TASK TO COMPLETE: Only the lines below, from the one with "Une grande Asiatique" through the one with "Premium bedding, minibar, in-room safe, desk", are to be written out, exactly.

[Items from a data source]
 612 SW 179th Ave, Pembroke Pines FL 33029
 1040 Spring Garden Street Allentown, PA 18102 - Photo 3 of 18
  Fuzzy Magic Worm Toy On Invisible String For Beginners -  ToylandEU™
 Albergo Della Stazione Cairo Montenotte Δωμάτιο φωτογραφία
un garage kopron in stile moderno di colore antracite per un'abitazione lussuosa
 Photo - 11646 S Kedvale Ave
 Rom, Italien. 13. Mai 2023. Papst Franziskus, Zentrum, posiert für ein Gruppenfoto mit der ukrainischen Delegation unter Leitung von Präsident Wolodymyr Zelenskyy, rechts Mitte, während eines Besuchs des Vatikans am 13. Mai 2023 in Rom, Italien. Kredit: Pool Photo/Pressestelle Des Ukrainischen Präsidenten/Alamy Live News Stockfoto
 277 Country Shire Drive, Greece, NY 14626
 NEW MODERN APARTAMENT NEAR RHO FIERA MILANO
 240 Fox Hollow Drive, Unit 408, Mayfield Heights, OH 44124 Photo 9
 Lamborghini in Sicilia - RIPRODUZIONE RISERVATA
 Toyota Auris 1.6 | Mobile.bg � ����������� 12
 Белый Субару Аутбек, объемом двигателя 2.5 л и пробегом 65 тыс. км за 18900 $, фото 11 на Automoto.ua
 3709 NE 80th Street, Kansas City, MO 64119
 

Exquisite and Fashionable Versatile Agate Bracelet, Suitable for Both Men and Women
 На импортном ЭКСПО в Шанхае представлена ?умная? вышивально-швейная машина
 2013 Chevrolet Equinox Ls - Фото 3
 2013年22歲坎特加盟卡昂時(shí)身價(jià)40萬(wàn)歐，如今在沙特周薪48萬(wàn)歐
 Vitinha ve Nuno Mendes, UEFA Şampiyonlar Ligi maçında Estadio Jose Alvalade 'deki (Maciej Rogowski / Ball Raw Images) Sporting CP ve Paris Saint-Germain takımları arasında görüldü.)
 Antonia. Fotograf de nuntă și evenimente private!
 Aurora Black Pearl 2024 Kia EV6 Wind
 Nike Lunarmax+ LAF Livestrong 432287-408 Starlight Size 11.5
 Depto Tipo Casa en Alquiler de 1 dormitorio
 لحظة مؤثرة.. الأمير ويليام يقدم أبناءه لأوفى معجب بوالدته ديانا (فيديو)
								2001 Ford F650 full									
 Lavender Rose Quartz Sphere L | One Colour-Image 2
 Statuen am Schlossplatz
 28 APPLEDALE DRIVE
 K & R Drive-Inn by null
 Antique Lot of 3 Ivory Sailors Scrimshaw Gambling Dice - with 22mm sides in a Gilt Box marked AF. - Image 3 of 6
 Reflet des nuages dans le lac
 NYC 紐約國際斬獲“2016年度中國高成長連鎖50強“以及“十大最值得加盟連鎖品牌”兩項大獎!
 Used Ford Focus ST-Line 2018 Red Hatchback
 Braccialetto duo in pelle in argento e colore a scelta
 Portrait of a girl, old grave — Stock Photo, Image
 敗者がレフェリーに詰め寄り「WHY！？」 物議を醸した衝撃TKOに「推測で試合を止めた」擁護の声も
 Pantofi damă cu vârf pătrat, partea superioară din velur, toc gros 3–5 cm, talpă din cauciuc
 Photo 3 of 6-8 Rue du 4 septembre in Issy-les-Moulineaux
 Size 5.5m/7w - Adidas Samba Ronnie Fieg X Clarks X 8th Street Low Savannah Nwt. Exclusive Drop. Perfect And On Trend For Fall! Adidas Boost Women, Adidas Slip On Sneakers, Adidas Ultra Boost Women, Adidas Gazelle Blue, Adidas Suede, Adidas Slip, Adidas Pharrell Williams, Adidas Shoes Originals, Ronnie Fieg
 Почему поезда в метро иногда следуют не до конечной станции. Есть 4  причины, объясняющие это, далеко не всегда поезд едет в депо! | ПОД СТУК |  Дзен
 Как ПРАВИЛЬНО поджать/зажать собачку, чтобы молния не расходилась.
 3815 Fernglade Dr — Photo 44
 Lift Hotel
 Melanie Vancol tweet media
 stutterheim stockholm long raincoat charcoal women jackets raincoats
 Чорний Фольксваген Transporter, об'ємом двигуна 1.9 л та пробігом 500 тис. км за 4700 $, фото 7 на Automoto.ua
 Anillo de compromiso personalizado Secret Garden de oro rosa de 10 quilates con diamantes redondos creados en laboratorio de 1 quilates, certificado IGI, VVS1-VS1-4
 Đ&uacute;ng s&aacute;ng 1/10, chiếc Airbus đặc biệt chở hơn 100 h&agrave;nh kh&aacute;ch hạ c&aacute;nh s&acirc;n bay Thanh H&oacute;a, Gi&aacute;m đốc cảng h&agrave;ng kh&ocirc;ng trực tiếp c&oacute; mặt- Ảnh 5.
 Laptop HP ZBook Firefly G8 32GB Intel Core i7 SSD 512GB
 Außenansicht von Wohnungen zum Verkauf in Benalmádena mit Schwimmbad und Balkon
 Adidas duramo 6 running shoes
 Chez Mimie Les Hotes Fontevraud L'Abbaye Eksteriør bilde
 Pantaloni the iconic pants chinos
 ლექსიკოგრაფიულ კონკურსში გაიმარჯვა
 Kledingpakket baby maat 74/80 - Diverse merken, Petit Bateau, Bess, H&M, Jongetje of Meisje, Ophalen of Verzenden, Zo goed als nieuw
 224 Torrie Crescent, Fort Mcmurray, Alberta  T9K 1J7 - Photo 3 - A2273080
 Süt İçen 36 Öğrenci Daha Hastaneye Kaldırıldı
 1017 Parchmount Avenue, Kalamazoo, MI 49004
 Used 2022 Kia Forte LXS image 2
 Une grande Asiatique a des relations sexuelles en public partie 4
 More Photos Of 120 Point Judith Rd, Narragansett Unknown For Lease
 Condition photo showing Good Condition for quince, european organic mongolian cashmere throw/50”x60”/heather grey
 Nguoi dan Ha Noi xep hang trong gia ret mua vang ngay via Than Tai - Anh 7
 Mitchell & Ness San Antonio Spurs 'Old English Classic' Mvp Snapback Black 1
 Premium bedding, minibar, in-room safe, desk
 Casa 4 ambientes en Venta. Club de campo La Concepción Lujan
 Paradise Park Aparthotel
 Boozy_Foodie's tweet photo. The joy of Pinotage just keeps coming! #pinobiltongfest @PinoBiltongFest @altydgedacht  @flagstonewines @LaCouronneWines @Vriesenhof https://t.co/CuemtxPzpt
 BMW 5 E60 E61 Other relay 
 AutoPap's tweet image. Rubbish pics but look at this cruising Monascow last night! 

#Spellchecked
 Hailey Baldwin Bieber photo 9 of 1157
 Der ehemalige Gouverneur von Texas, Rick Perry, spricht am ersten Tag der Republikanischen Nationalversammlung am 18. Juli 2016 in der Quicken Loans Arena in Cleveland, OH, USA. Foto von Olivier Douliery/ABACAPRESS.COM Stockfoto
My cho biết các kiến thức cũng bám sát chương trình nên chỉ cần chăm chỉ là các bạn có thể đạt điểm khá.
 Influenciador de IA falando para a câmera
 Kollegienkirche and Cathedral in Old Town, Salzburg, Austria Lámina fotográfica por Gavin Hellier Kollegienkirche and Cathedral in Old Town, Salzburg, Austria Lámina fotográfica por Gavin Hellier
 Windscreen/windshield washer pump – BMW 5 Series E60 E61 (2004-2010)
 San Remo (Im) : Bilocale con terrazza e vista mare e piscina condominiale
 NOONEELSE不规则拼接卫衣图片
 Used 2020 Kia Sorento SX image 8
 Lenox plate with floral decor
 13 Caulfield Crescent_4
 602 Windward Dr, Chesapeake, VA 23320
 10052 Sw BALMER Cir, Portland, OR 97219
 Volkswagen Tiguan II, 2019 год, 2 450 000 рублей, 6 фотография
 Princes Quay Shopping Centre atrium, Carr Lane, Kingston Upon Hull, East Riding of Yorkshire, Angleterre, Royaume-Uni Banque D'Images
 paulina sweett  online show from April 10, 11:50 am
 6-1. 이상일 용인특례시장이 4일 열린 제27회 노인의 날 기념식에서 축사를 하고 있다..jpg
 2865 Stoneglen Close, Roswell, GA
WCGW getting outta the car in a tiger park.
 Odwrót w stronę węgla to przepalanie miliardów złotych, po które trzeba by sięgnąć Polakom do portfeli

RESULT OF THIS TASK:
 Une grande Asiatique a des relations sexuelles en public partie 4
 More Photos Of 120 Point Judith Rd, Narragansett Unknown For Lease
 Condition photo showing Good Condition for quince, european organic mongolian cashmere throw/50”x60”/heather grey
 Nguoi dan Ha Noi xep hang trong gia ret mua vang ngay via Than Tai - Anh 7
 Mitchell & Ness San Antonio Spurs 'Old English Classic' Mvp Snapback Black 1
 Premium bedding, minibar, in-room safe, desk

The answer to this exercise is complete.